Но ведь Весьёгонск сошел с места! То, что раньше казалось неподвижно-устойчивым, незыблемо-прочным, неожиданно пришло в движение. Город, простоявший много лет в низине у реки, кряхтя, вскарабкался на гору. Море заколыхалось там, где недавно чернели приземистые избенки. А острова в Восточно-Сибирском море все еще не были найдены! Андрей прав…
Всю ночь прошагал мой друг взад и вперед по нашей узкой, длинной комнате. И курил, курил без передыху. В минуты большого душевного волнения закуривал козью ножку: по его словам, это помогало ему думать, навевало бодрящие фронтовые ассоциации.
Ступать Андрей старался на носки. Зная, что я при свете не могу заснуть, с неуклюжей заботливостью заго- ~ родил абажур газетами, оставив только конусообразный луч, падавший на стол.
— Ни к чему это, Андрей! Все равно не заснуть мне!
Я со вздохом поднялся и тоже принялся ходить взад и вперед по комнате.
— Как два голодных тигра в клетке!
— Союшкина бы еще сюда, в эту клетку…
— Была бы сцена кормления голодных тигров!
Андрей остановился посреди комнаты:
— Нет, серьезно. Встреча с дядюшкой как-то прояснила для меня Союшкина. Ведь они похожи, ты не согласен?
— Похожи? В чем?
— Не наружностью, само собой. Даже не характерами. А что-то общее все-таки есть. Подлость, что ли?.. Но извини, тебе неприятно про дядюшку…
Я устало махнул рукой:
— Валяй, ничего. Ты прав, конечно. Их объединяет с Союшкиным, по-моему, Весьёгонск. Понимаешь, тот, старый Весьёгонск, город среди болот! Он ведь очень цепкий.
Андрей, заинтересованный, остановился посреди комнаты.
— Хочешь сказать, что хоть и подняли город высоко, на пятнадцать метров над уровнем моря, а до сих пор еще кое-кто копошится у его подножия в болоте?
— Вроде того. Только Федор Матвеич помельче и весь как на ладони: сначала в этом чесучовом пиджачке нараспашку, потом бритенький, тихенький, в застегнутой до горла толстовочке. Союшкина, конечно, потрудней разгадать. Он-то ведь не просто службист — новейший титулярный советник.
— Да, титулярный советник! — с ожесточением сказал Андрей. — Самый что ни на есть титулярный! Человек двадцатого числа! Ему все равно, кому служить и что делать, лишь бы двадцатого числа жалованье выдавали.
Я кивнул.
— И кроме того, он нахал, но тихий, — продолжал Андрей. — Всюду проникает, как бурав — с легким поскрипыванием, почти бесшумно. Так и в географическую науку проник.

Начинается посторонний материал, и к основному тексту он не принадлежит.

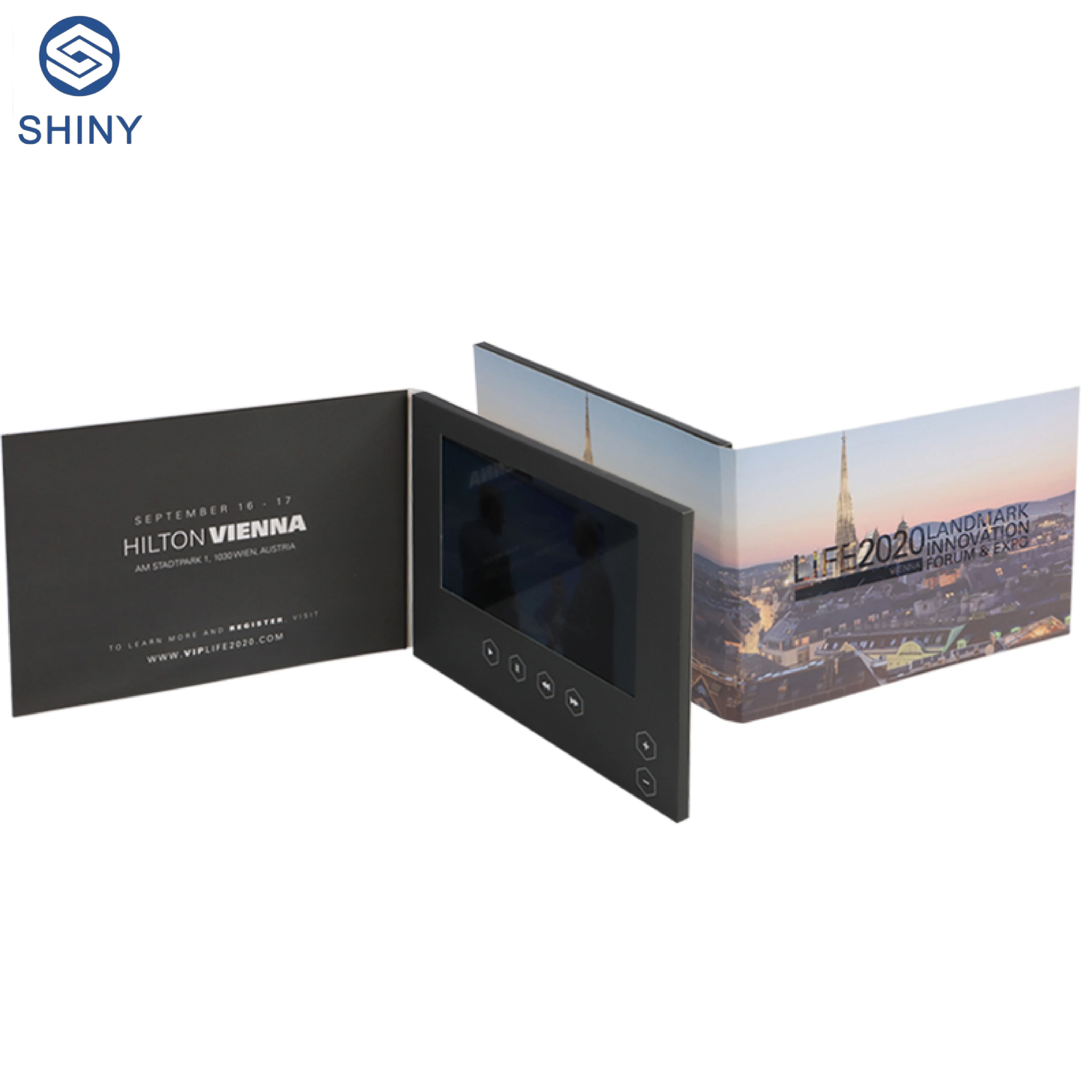 Custom Printing Wedding Invitation Greeting Card LCD Screen Video Book 7 inch IPS Screen Video Brochure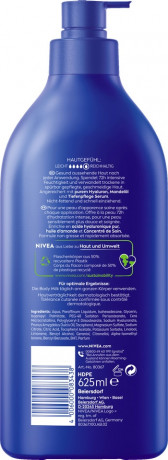 NIVEA Reichhaltige Body Milk Pump-Spender, 625 ml, Нивеа Молочко для тела, гиалуроновая кислота и миндальное масло, 72ч увлажнение, с дозатором, 625 мл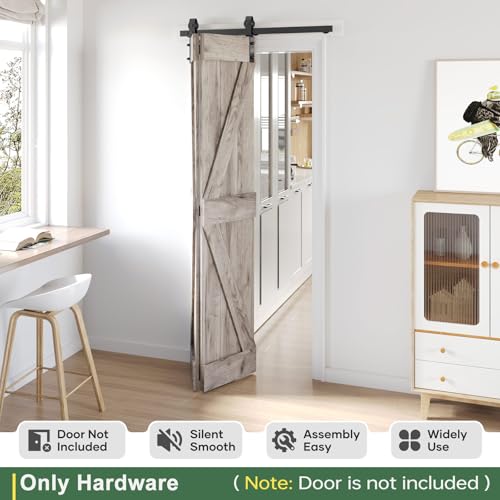 Roymelo 46" Bifold Sliding Barn Door Hardware Track Kit,Side Mounted Black J Shape Roller,Smoothly and Quietly,Assembly Easy,Fit Double 21" Bi-Folding Doors (Door Not Included) by ROYMELO - Used condition - Image 2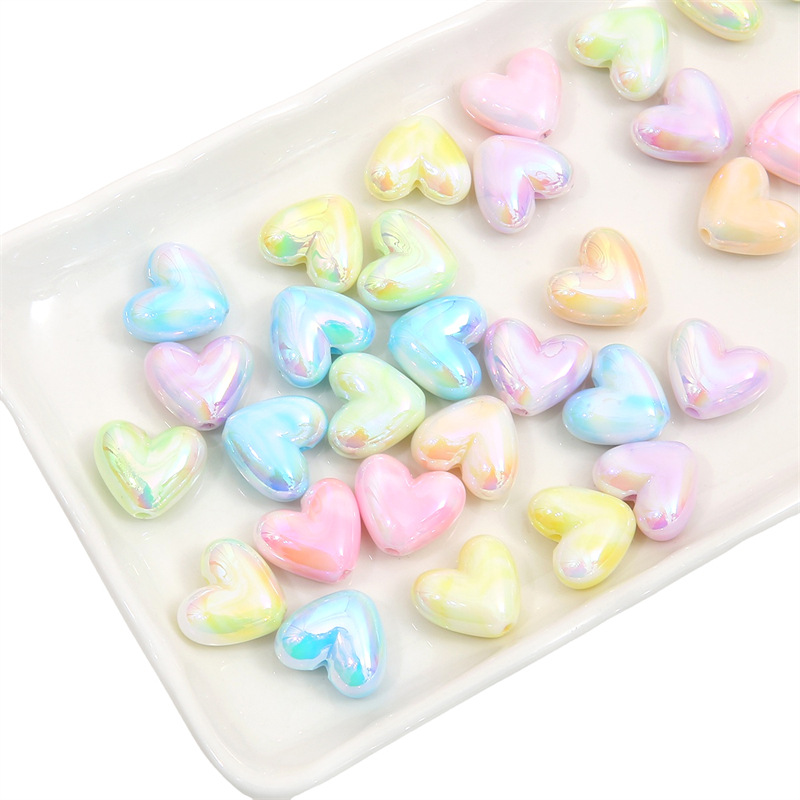 19g Weight Beads Jewelry Making Type DIY Jewelry Accessories Classification 5 Pieces Quantity Acrylic Material Heart Shape Pattern Simple Style Style 5 Pieces Arylic Heart Shape DIY Jewelry Accessories Beads 5
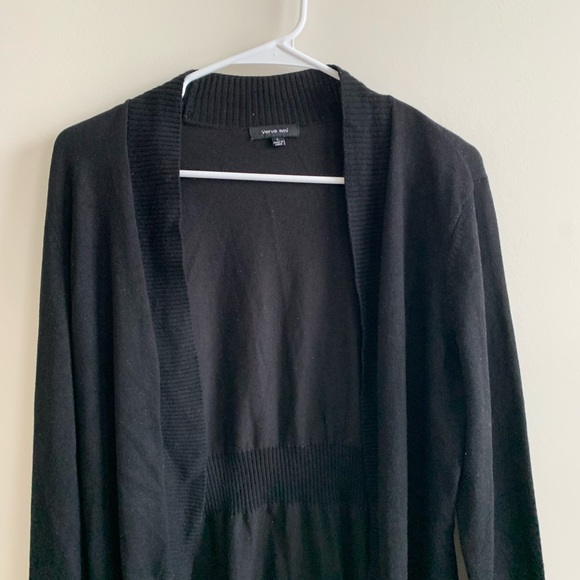 Verve Ami long sleeve black open cardigan sweater - Picture 3 of 5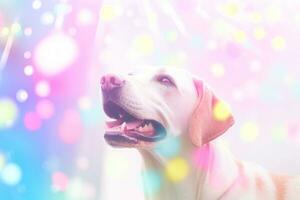 Close-up of cute dog with beautiful bokeh background, Generative AI illustration photo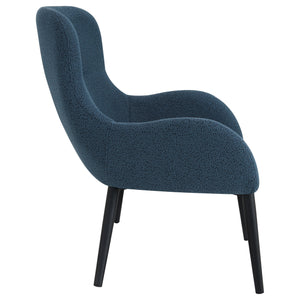 English Elm Luna Aegean Blue Upholstered Armchair — Mid-Century Curved Silhouette, Plush Textured Comfort, 30.5"H B062P299845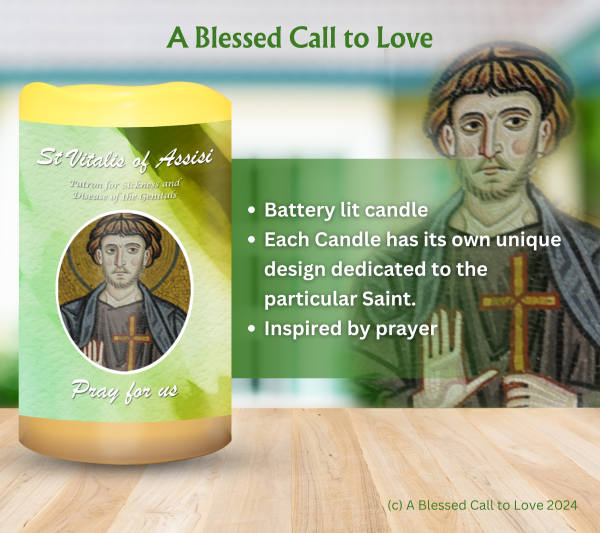 St Vitalis of Assisi (Patron for Sickness and Disease of the Genitals) Oil and Candle Set - Image 5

— Но почему именно в науку?
— Выгодно.
— Вот-вот. Оклады высокие. За звание платят. Жизнь строго размеренна и обеспечивает долголетие. А Союшкин, несомненно, очень заботится о своем долголетии.
— Ну, а талант?
— Какой талант? При чем здесь талант? Союшкин же не ученый, он притворяется ученым. Он лишь служащий по научной части. Или, иначе, состоящий при науке. Да, вот именно: «при»! Что-то вроде, знаешь, антрепренера, распорядителя или администратора, только не в театре, а в научно-исследовательском институте.
— И по-твоему, он понимает, что бездарен?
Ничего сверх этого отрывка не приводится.